Une élection partielle au Royaume-Uni approfondit les divisions dans la classe dirigeante sur le Brexit
Par Robert Stevens
5 décembre 2016
Les Démocrates libéraux britanniques (Lib Dems) ont remporté jeudi l’élection partielle de Richmond Park contre un Candidat conservateur qui avait remporté les élections en 2015 avec 23 000 voix d’avance sur le deuxième, dans l’une de ses circonscriptions les plus fidèles.
L’élection partielle dans cette circonscription du Grand Londres a été provoquée par la démission du député conservateur Zac Goldsmith au sujet du projet du gouvernement de construire une troisième piste à l’aéroport de Heathrow.

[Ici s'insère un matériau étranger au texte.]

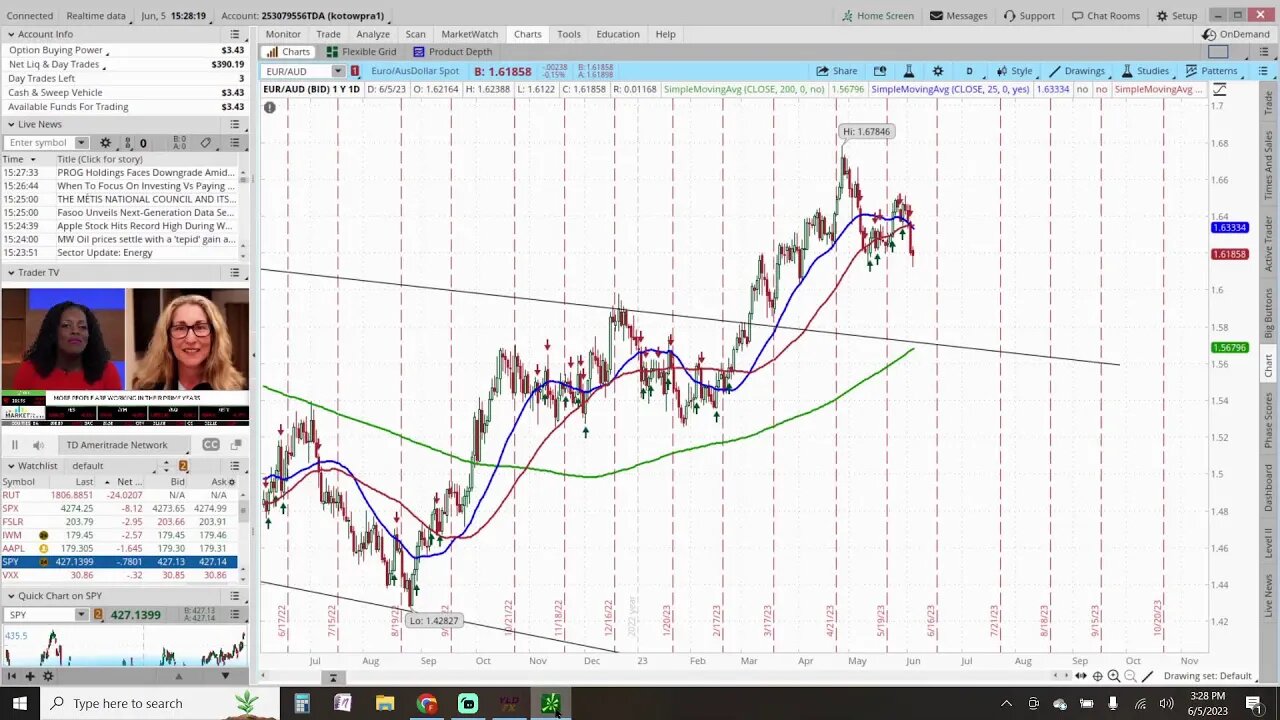 Prep Live Trading 6-5-2023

Cependant, suite au référendum de juin sur le Brexit, l’enjeu de l’élection était de savoir si le Royaume-Uni allait rester ou quitter l’Union européenne.
Les Lib Dems, qui ont maintenant neuf députés, ont remporté le siège en faisant campagne contre le Brexit. Ils se sont engagés à voter contre toute démarche de la Première ministre conservatrice Theresa May pour déclencher l’article 50, ce qui commencerait le processus de sortie de l’UE, si le Parlement pouvait finalement voter sur la question.

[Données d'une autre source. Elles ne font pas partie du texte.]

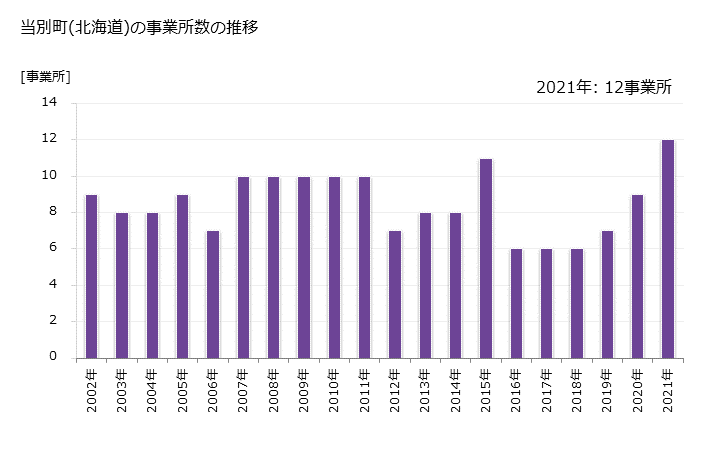 グラフ 年次 当別町(ﾄｳﾍﾞﾂﾁｮｳ 北海道)の製造業の動向 当別町(北海道)の事業所数の推移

La candidate des Lib Dems, Sarah Olney, a remporté un peu moins de 50 pour cent du total des voix. Le candidat du Parti travailliste, Christian Wolmar, a été à la troisième place, remportant seulement 1515 voix (3,67 pour cent) et a perdu sa caution électorale. Un grand nombre des électeurs, des conservateurs et des travaillistes, ont décidé de voter pour Olney.

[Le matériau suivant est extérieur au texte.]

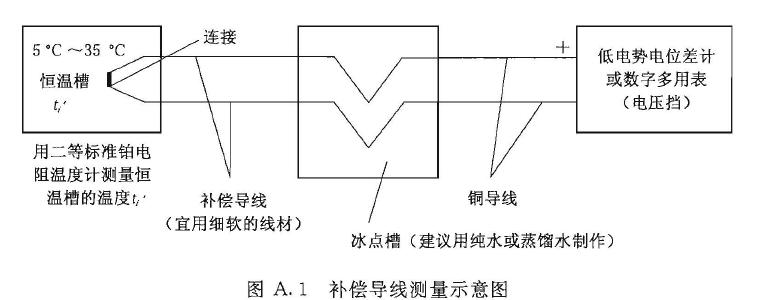 測量用標準器及接線如圖A.1 所示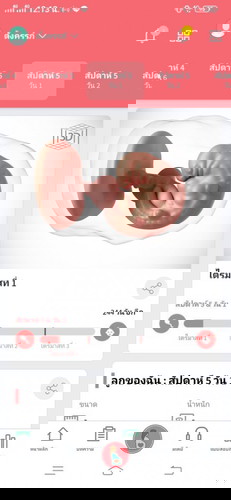 ช่วยบอกทีจ้า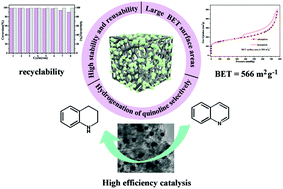 Graphical abstract: Ni@PC as a stabilized catalyst toward the efficient hydrogenation of quinoline at ambient temperature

Goldsmith est un fervent partisan du Brexit. Les conservateurs ne lui ont pas opposé un candidat, et ont appelé par contre à voter pour lui. Le parti d’extrême droite UKIP (Parti pour l’Indépendance du Royaume-Uni) a soutenu Goldsmith aussi.
La perte du siège réduit la majorité parlementaire du gouvernement conservateur à seulement 13 députés.
Les Lib Dems et d’autres forces pro-UE ont sauté sur le résultat comme une preuve de la nécessité de construire une « alliance progressiste » partisane de l’UE, ou au moins de la poursuite de l’adhésion au marché unique. Dans son discours d’acceptation, Olney a déclaré : « Notre message est clair : nous ne voulons pas d’un Brexit dur (une sortie de l’UE sans nouvel accord commercial). Nous ne voulons pas sortir du marché unique”.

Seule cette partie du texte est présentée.